MATERIAL FOR THIS TASK Start Marker

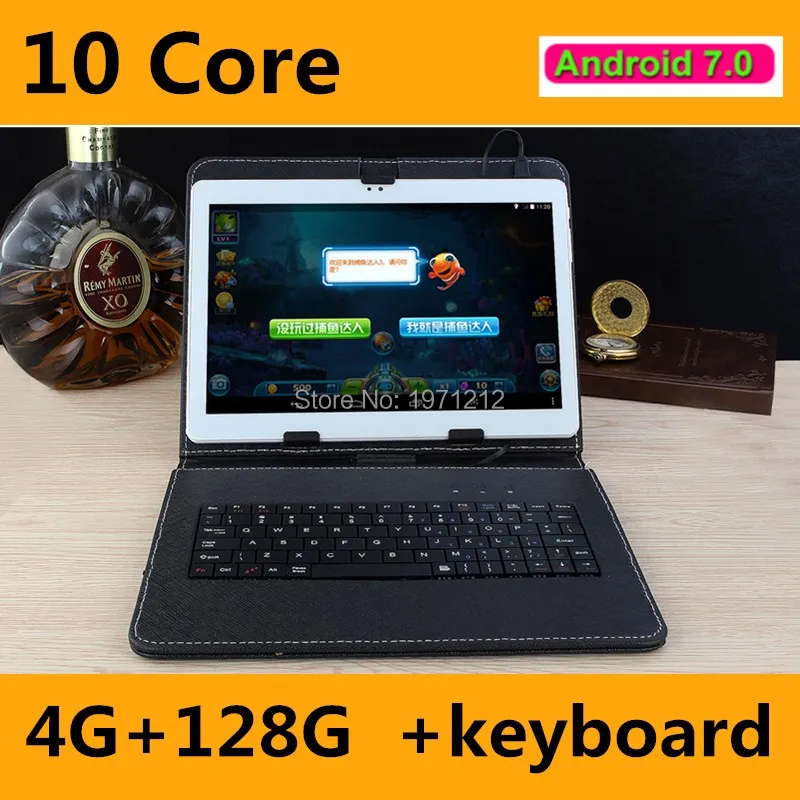 

10inch Tablets Android 7.0 Deca Core 10'' Tablet PC 4GB RAM 128 ROM 1920*1200 8MP WIFI GPS 3G 4G LTE tablets DHL free shipping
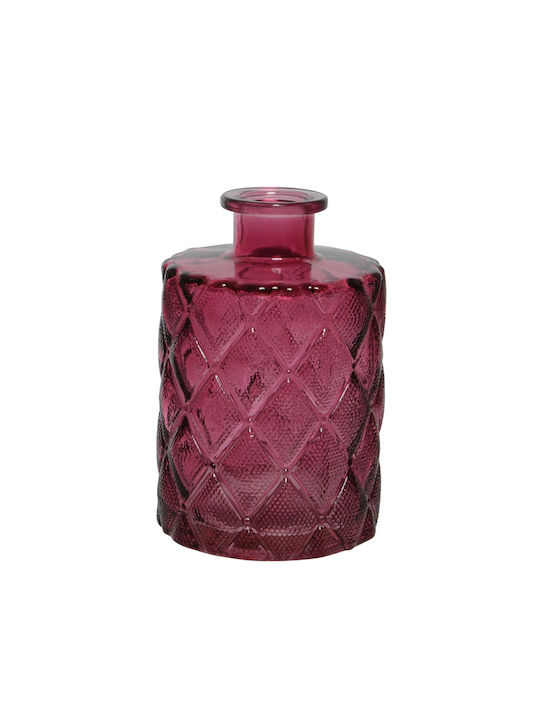 Kaemingk Decorative Glass Vase 7x7xH10.5cm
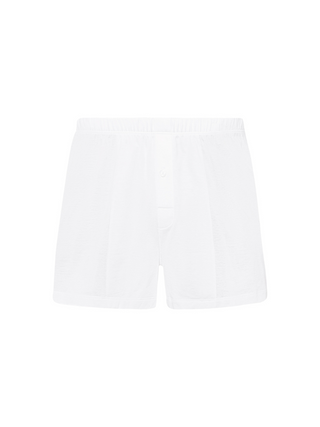 Cotton Sporty Boxershorts - Weiß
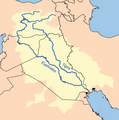 Image 76Map showing the Tigris and Euphrates Rivers (from History of gardening)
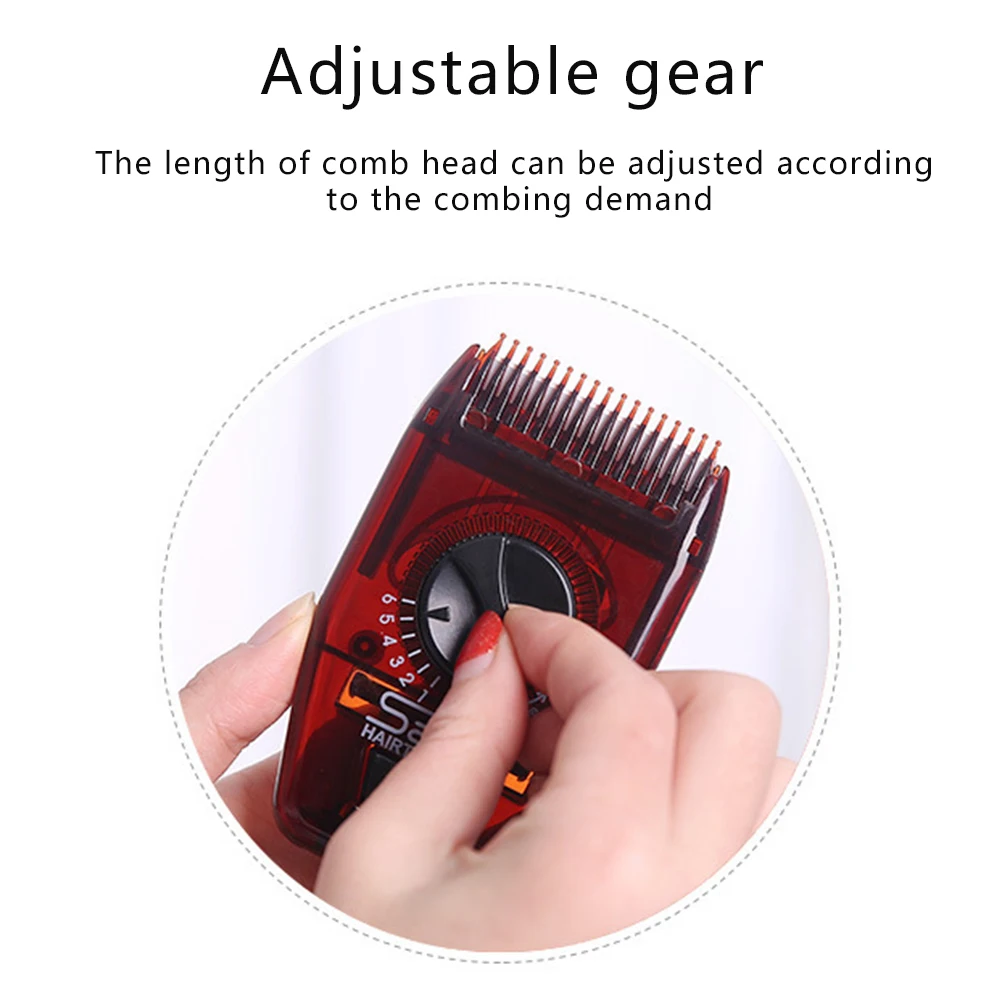 

Cordless Portable Adjustable Comb Salon Multifunctional Mini Hairdressing Tool Haircut Home For Split Ends Manual Hair Trimmer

MATERIAL FOR THIS TASK End Marker

- EXERCISE AIM -
Return every entry exactly, dropping the pictures.

- TASK ANSWER -
10inch Tablets Android 7.0 Deca Core 10'' Tablet PC 4GB RAM 128 ROM 1920*1200 8MP WIFI GPS 3G 4G LTE tablets DHL free shipping
 Kaemingk Decorative Glass Vase 7x7xH10.5cm
 Cotton Sporty Boxershorts - Weiß
 Image 76Map showing the Tigris and Euphrates Rivers (from History of gardening)

Cordless Portable Adjustable Comb Salon Multifunctional Mini Hairdressing Tool Haircut Home For Split Ends Manual Hair Trimmer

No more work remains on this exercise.